I have install csf and with some config server now stable.. load around 5.
BUT the big isuse is : the real user very hard to access website specially from IE browser you can test at xaluan.com, it also timeout some time.
the flowing is config using in csf:
SYNFLOOD = "1"
SYNFLOOD_RATE = "100/s"
SYNFLOOD_BURST = "10"
CONNLIMIT = "80;30"
PORTFLOOD = "80;tcp;70;5"
CT_LIMIT = "29"
other config may same as default
i playing around with this config for a week but still not good..
If increase the rate up to SYNFLOOD_RATE = "140/s" or more.. the website response very fast.. only bad side effect of server load increase so fast, normal 20 and may be up to few hundred in peak time ..
my need is response time fast but load still low.. please help
thanks
ps: server runing nginx frontend, apache, mysql, php ,, the home page has around 70 elements which will cached in browser in fist time access..

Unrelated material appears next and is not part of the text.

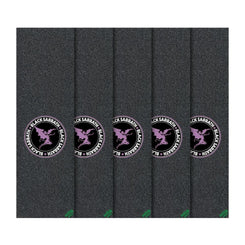 MOB Black Sabbath Henry 1 Skateboard Grip Tape - 10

my server down random every day 4-5 time cause get high load very quick
There can be many reasons for this. try nice top -c -d 2 from command line and check what process is causing too much load. You can't simply blame csf for that.
Load may get high if the DB disk I/O is high. Its better to install mytop DB monitoring tool in the server and check if that the reason.
For installing mytop use this link http://bloke.org/linux/installing-mytop-on-cpanel/
I hope this will help you to monitor DB load usage